Si les admiratrices et admirateurs conservateurs de Weil ressentent des affinités avec elle, c’est uniquement parce qu’ils se méprennent sur son œuvre et sa vision d’une France et d’une Europe correctement enracinées. Ce faisant, ils pervertissent l’héritage d’une des références intellectuelles de leur pays –et démontrent avec quelle superficialité ils peuvent comprendre cette même culture qu’ils prétendent préserver.(...)
Reste que Weil n’avait cure de cette vision étriquée des racines. La défaite de la France, écrit-elle dans L’Enracinement –un passage que Wauquiez a sans doute raté– signale un nécessaire changement dans « notre manière d’aimer la patrie ». Elle précise que sa patrie n’est pas fondée sur le mythe d’une France éternelle bouffie de grandeur. Il s’agit au contraire d’un monde concret où l’indigène comme le nouvel arrivant peuvent s’enraciner l’un dans l’autre –dans l’âme et l’existence d’un voisin et d’un concitoyen– plutôt que dans l’abstraction d’une histoire commune.(...)

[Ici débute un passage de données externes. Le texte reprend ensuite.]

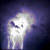 NITROS-db :iconnitros-db: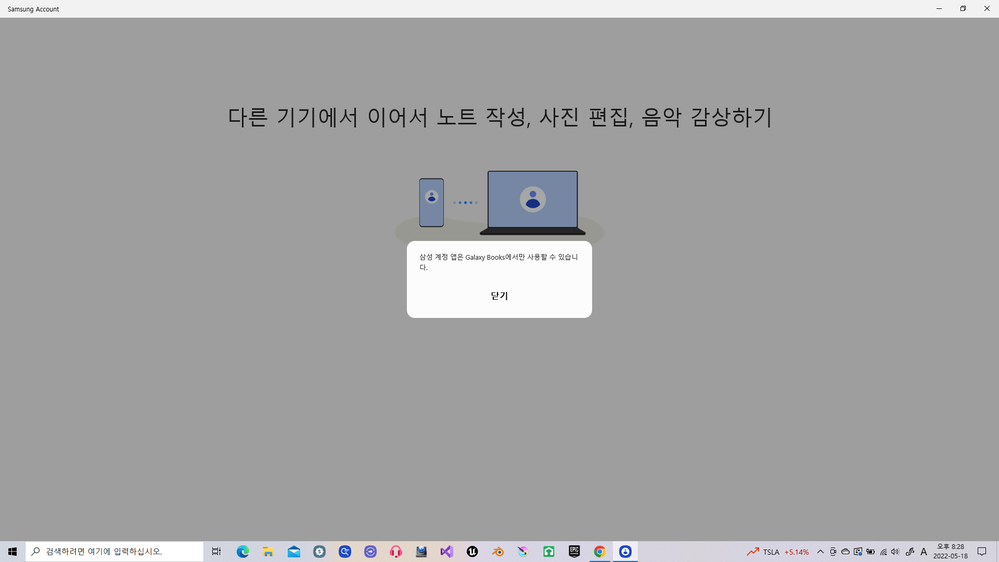 제목 없음.png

Weil décrit ce sentiment matériel d’enracinement –le lien avec ceux qui nous entourent– comme « le besoin le plus important et le plus méconnu de l’âme humaine ». Raison pour laquelle elle place la compassion, qui nous permet de percevoir ce besoin en nous-mêmes et chez les autres, au centre de sa philosophie politique, bien que ce que soit pas une qualité en général associée à la politique publique. Pour Weil, le renouveau de la France dépendait d’une nouvelle appréhension du patriotisme, qui avait la compassion en son sein. Au lieu d’être le devoir envers une Nation –ce qui, insiste-t-elle, a pu être une nécessité pratique à certaines époques, sans être par ailleurs une valeur méritant d’être portée au pinacle– le patriotisme relève d’une exigence bien plus ardue– le devoir envers autrui. Au final, la compassion reconnaît à la fois la fragilité des liens qui constituent une communauté et la vulnérabilité des vies qui les composent.(...)
Voici soixante-quinze ans, Weil saisissait déjà comment la croissance de la technologie et de l’automatisation, comme celle de l’État et des institutions privées, rendait les gens « affamés d’aimer quelque chose qui soit de chair et de sang ». Le problème, reconnaissait-elle, c’est que cette faim est facilement exploitable par nombre de scélérats, qu’importe leur place sur l’échiquier politique.(...)
Car s’il n’y a qu’une chose éternelle, ne cesse-t-elle de nous rappeler, ce n’est pas la France ou les États-Unis, mais l’« obligation envers tout être humain, du seul fait qu’il est un être humain ».